Loreti pondera o fato de a lei ater-se ao conteúdo dos meios, não à tecnologia utilizada para que possam chegar ao público. Ele destaca ainda os mecanismos de controle e participação social estabelecidos, tais como audiências públicas; criação da Defensoria do Público; medidas para tornar os conteúdos acessíveis às pessoas com deficiência; proteção para crianças e adolescentes; definição dos direitos do público e, inclusive, dos sentidos e funções do sistema público de comunicação. Tudo isso foi fruto de “um empoderamento concreto dos direitos de quem assiste cotidianamente as telas ou o rádio”, defende Loreti, que pontua o processo amplo de consulta popular ao qual foi submetido o projeto de lei. Além de basear-se nas propostas apresentadas pela citada coalizão, frente que reuniu centenas de personalidades e organizações políticas, dentre as quais centrais sindicais, universidades, sindicatos e movimentos sociais, o projeto de lei incorporou mais de cento e sessenta propostas apresentadas em audiências públicas e que estão apontadas no texto – que cita, inclusive, os nomes de seus propositores.
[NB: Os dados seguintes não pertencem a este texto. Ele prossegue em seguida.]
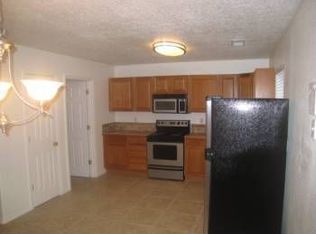 421 Angel Loop SW, Los Lunas, NM 87031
A consistência da lei e sua contribuição para a garantia de direitos são reconhecidas por entidades internacionais. Em entrevista recente, o Relator Especial para a Liberdade de Expressão das Nações Unidas, Frank La Rue, afirmou que “a Argentina está assentando um precedente muito importante. Não só no conteúdo da lei, porque o projeto original que vi é o mais avançado que existe no mundo em lei de telecomunicações, mas também no procedimento que se seguiu, o processo de consulta popular. Parece-me que esta é uma lei realmente consultada com seu povo”. Já a ONG Repórteres Sem Fronteiras emitiu nota em apoio à “Ley de Medios”, na qual destacou ser a proposta um exemplo para a garantia da liberdade de notícias e informações.
Agora, a sociedade argentina aguarda nova manifestação da Suprema Corte, que já foi provocada pelo governo do país. Para pressioná-la, movimentos sociais e defensores da proposta foram à Praça de Maio no domingo, 09. O ato, convocado pelo governo para comemorar o aniversário da recuperação da democracia e o Dia Internacional dos Direitos Humanos, contou com milhares de pessoas, muitas das quais produtoras de comunicação e cultura. Entre microfones, lentes, percussões e vozes, um sentimento: é necessário mudar a comunicação para consolidar a democracia e garantir que o enfrentamento ao monopólio possa dar lugar à diversidade de vozes e de culturas que existem no país.